The drapes have been pulled off the Ford GT Mk2 at the Goodwood Festival of Speed that's been created to rival the Aston Martin Vulcan and forthcoming Brabham BT62.
Featuring the same twin-turbocharged 3.5-litre V6 as the regular Ford GT supercar, as predicted, engineers have wound power up from 483kW to 521kW.
Like before, all that power is channelled to the rear wheels via a seven-speed dual-clutch transmission that has been beefed up to cope with the extra undisclosed torque produced by the uprated engine.
Developed to spend its life being far harder than the road-going GT, the near race-spec motor gets a new air-to-air outboard mounted charge cooler that neatly incorporates water spray tech in high temperature conditions.
It's also hard to miss the GT Mk2 benefits from a new roof-mounted scoop that feed fresh air to coolers for the engine, clutch, and transmission.

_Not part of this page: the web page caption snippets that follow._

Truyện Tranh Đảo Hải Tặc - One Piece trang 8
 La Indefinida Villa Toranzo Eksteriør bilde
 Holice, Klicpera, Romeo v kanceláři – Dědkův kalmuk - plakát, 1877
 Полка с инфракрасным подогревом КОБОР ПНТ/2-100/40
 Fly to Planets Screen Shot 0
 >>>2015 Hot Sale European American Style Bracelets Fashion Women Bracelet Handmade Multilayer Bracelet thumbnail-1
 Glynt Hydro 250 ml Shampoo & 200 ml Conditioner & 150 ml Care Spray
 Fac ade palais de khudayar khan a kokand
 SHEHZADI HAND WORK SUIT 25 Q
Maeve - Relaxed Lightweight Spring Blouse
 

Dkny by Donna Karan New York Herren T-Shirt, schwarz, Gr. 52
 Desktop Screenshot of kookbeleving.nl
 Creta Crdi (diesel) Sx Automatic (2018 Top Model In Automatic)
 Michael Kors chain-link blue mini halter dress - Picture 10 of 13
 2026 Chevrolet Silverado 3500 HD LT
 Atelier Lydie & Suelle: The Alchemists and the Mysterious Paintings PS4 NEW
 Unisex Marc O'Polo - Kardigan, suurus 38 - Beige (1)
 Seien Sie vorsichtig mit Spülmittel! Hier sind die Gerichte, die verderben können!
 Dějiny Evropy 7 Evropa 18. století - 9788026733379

The roof scoop is just one part of a huge overhaul of the standard GT's aero, that sees the Mk2 benefit from Ford Performance's involvement in motorsport with its Ford GTE race car that competed recently at the Le Mans 24 Hour.
That explains the new front splitter, diffuser, fender louvres, dive plans and a large rear wing that claims, in total, to boost downforce an incredible 400 per cent – it's thought the extra aero will mean the track-biased GT will have a slower top speed than the road car's 348km/h max.
Other changes including standard carbon-ceramic brakes, 19-inch forged aluminium wheels and a full race-spec suspension that replaces the GT's ride height-adjustable suspension carving more than 90kg from the kerbweight.
Now Ford claims the GT Mk2 can pull up to 2Gs cornering.
Some of that saved weight has been added back in with a full roll-cage, race-spec Sparco seats that include a six-point harness.
Ford Performance says it will make just 45 GT Mk2s with each priced from $1.2 million ($A1.7m).
Sadly, all 45 cars will be track-only but, like the McLaren P1 GTR and Aston Martin Vulcan, a small batch of cars are expected to be adapted for road user by third-party engineering firms.
It's rumoured a faster still race car based on the Ford GT could already be in development following the announcement that the World Endurance Racing hypercar class was confirmed for the 2020/2021 season.